Created attachment 241631 [details] Style fix
Comment on attachment 241631 [details] Style fix View in context: https://bugs.webkit.org/attachment.cgi?id=241631&action=review > Tools/Scripts/webkitpy/tool/bot/patchanalysistask.py:241 > + if second_results.did_exceed_test_failure_limit() or first_results.did_exceed_test_failure_limit(): > + if not first_results.did_exceed_test_failure_limit(): > + self._should_defer_patch_or_throw(first_results.failing_test_results(), first_results_archive, first_script_error, first_failure_status_id) > + else: > + self._should_defer_patch_or_throw(second_results.failing_test_results(), second_results_archive, second_script_error, second_failure_status_id) > + return False I think that this condition is unnecessarily convoluted. Can you split it in two? if first_results.did_exceed_test_failure_limit(): ... if second_results.did_exceed_test_failure_limit(): ... Also, it's confusing that _should_defer_patch_or_throw doesn't return a result (or do we ignore it?). It sounds like a function whose job is to return a boolean without an side effects.

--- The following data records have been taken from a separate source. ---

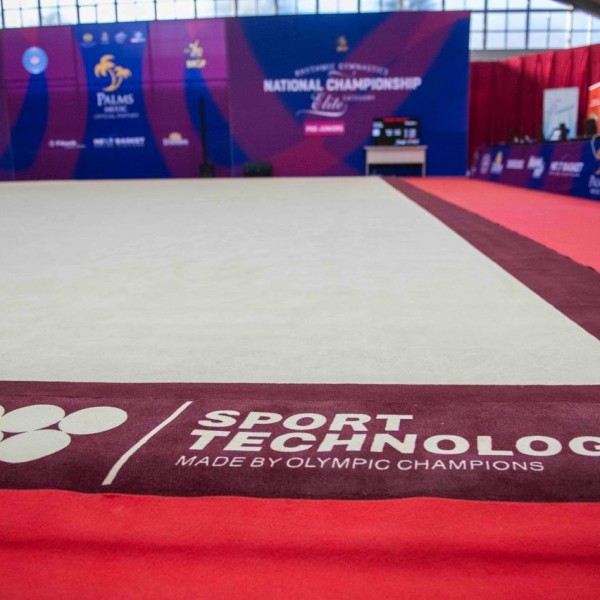 Ковер для художественной гимнастики Sport Technology полный комплект - с сертификатом FIG
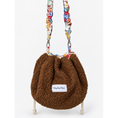 Load image into Gallery viewer, Choco Sprinkle Mochi Bag Lay Flat Makeup Bag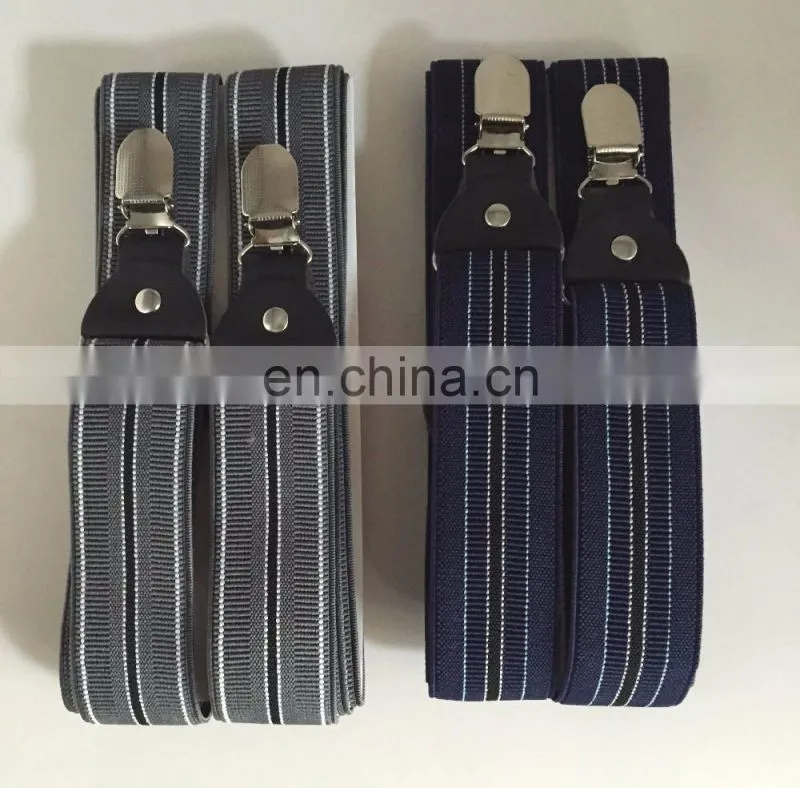 2017 alibaba wholesale high quality worker suspenders braces suspenders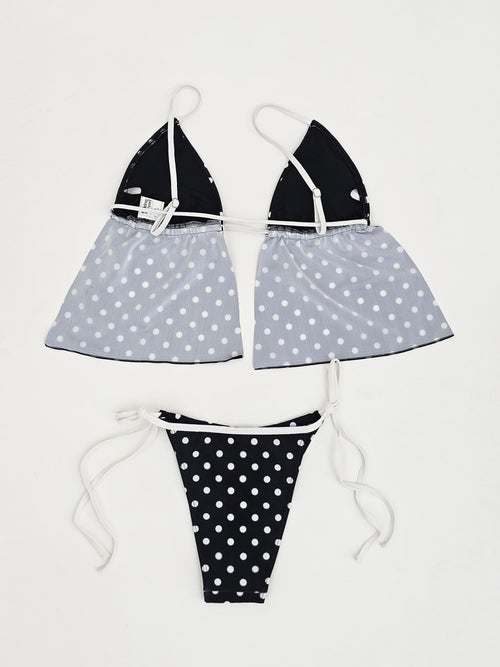Poppyseed (polka) set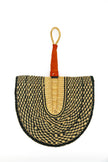 Handheld Grass Fan: Multi-Colored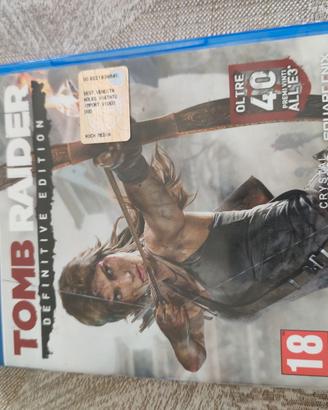 Tomb Raider Definitive Edition PS4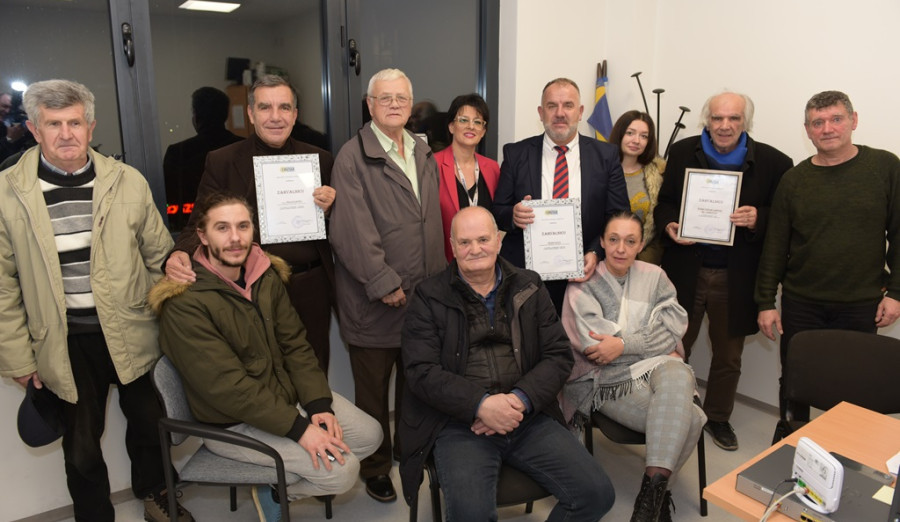 Otvorene prostorije nove Mjesne zajednice „Koševo II“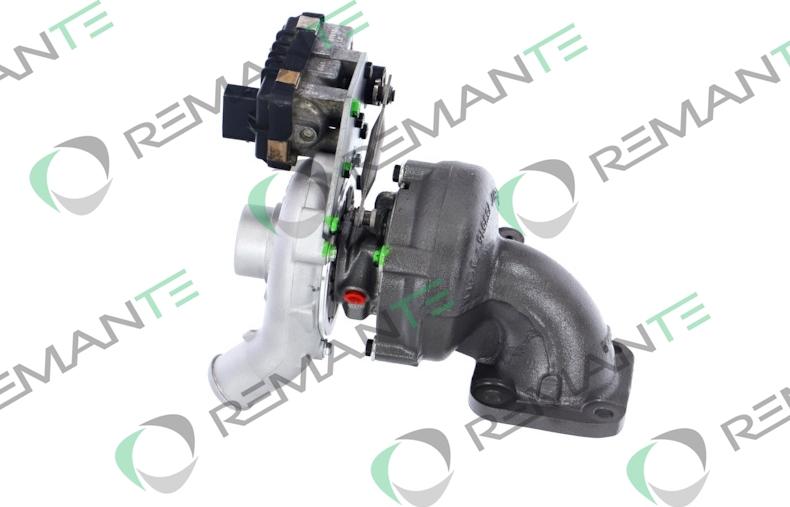 REMANTE 003-002-000025R - Turbocompressore, Sovralimentazione autozon.pro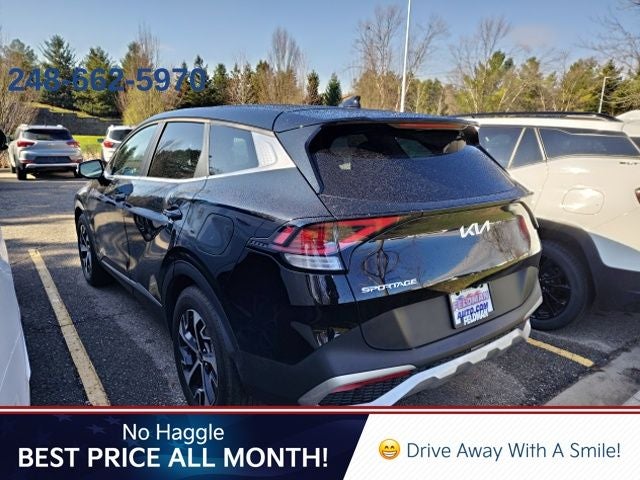 2024 Kia Sportage EX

(In reply to comment #4) > Comment on attachment 241631 [details] > Style fix > > View in context: > https://bugs.webkit.org/attachment.cgi?id=241631&action=review > > > Tools/Scripts/webkitpy/tool/bot/patchanalysistask.py:241 > > + if second_results.did_exceed_test_failure_limit() or first_results.did_exceed_test_failure_limit(): > > + if not first_results.did_exceed_test_failure_limit(): > > + self._should_defer_patch_or_throw(first_results.failing_test_results(), first_results_archive, first_script_error, first_failure_status_id) > > + else: > > + self._should_defer_patch_or_throw(second_results.failing_test_results(), second_results_archive, second_script_error, second_failure_status_id) > > + return False > > I think that this condition is unnecessarily convoluted. Can you split it in > two? > if first_results.did_exceed_test_failure_limit(): > ... > if second_results.did_exceed_test_failure_limit(): > ... > > Also, it's confusing that _should_defer_patch_or_throw doesn't return a > result (or do we ignore it?). It sounds like a function whose job is to > return a boolean without an side effects. Good point, yeah this should be written in a way that's easier on the eyes and brain. I'll change it. _should_defer_patch_or_throw is a strange one. It will either return True, for "Yes, you should defer the patch", False for "You shouldn't necessarily defer the patch", or it will throw if it knows that the patch should be rejected. In this case, there's enough information to know that if _should_defer_patch_or_throw doesn't throw, then we should always defer.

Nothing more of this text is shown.